Sample Compatibility & Compliance

The FRP platform is validated for use with Newtonian and weakly non-Newtonian fluids typical in life science workflows, including cell-laden hydrogels (≤ 5 mPa·s), lipid emulsions, and microdroplet carrier oils (e.g., HFE-7500). It is incompatible with particulate-laden suspensions > 5 µm median diameter or highly viscous polymer melts (> 500 mPa·s). All FLOW UNIT sensors are CE-marked and RoHS-compliant. The AIO software supports audit trail generation and electronic signature functionality aligned with FDA 21 CFR Part 11 requirements for regulated environments. Data export formats include CSV, HDF5, and MATLAB-compatible .mat files—facilitating traceability in GLP and early-stage GMP applications.

Software & Data Management

The Fluigent AIO (All-in-One) software v3.x serves as the unified interface for configuration, visualization, and data export. It provides simultaneous real-time graphs for all connected channels, customizable alarm thresholds (e.g., flow deviation > ±5%), and automated report generation with metadata embedding (operator ID, timestamp, sensor serial number, environmental log).

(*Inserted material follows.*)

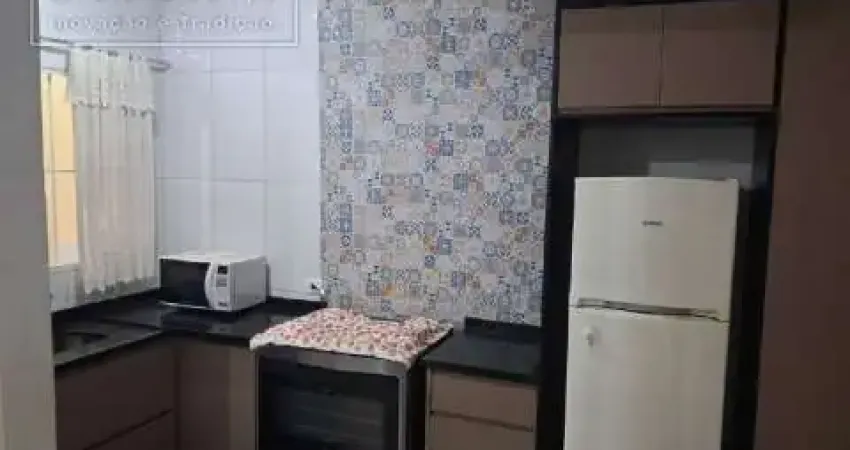 Casa com 2 quartos à venda no Jardim das Maravilhas, Santo André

Raw sensor data streams are buffered onboard the FLOWBOARD to prevent packet loss during high-frequency acquisition. Exported datasets include calibrated flow values (nL/min), raw ΔT signals (mK), heater power (mW), and internal temperature compensation coefficients—enabling post-hoc reprocessing and uncertainty budgeting per ISO/IEC 17025 guidelines.

Applications

• Droplet generation: Precise quantification of oil/water phase flow ratios in T-junction or flow-focusing geometries to stabilize monodisperse emulsion formation.
• Single-cell analysis: Monitoring perfusion rates in microfluidic trapping arrays to maintain physiological shear stress (< 0.5 Pa) during long-term live-cell imaging.
• Organ-on-a-chip: Validating endothelial barrier integrity via trans-endothelial flow resistance metrics under pulsatile flow profiles mimicking capillary hemodynamics.
• Microscale synthesis: Tracking reagent stoichiometry in segmented-flow reactors where residence time distribution depends critically on absolute flow accuracy.
• Rheological probing: Coupling with particle-tracking velocimetry (PTV) to derive local viscosity maps in viscoelastic biopolymer solutions under controlled extensional strain.

FAQ

Can the FRP system measure flow in gas-phase microchannels?
No. The FLOW UNIT is calibrated exclusively for liquid-phase applications; gas compressibility and thermal conductivity differences invalidate the TTOF model assumptions.
Is sensor recalibration required after changing fluid type?
For water-miscible Newtonian fluids within ±20% density/viscosity deviation from calibration standards (e.g., PBS vs. 10% sucrose), no recalibration is needed. Significant deviations (e.g., ethanol or DMSO) require user-defined fluid property input in AIO software.
What is the minimum recommended inner diameter for tubing interfaced with FLOW UNIT?
Fluigent specifies 100 µm ID fused silica or PEEK tubing for optimal laminar flow development and pressure drop management; larger IDs (>500 µm) may compromise spatial resolution of thermal detection.
Does the FLOWBOARD support Ethernet or analog I/O for industrial PLC integration?
No. Communication is USB 2.0 only. Analog voltage output (0–5 V) is available via optional DAQ module (sold separately); native Ethernet or Modbus support is not implemented.
How is long-term stability verified during continuous operation?
Each FLOW UNIT undergoes 72-hour burn-in testing at rated flow, with drift monitored against NIST-traceable gravimetric standards; typical baseline shift is < 0.3% FS/month under controlled lab conditions.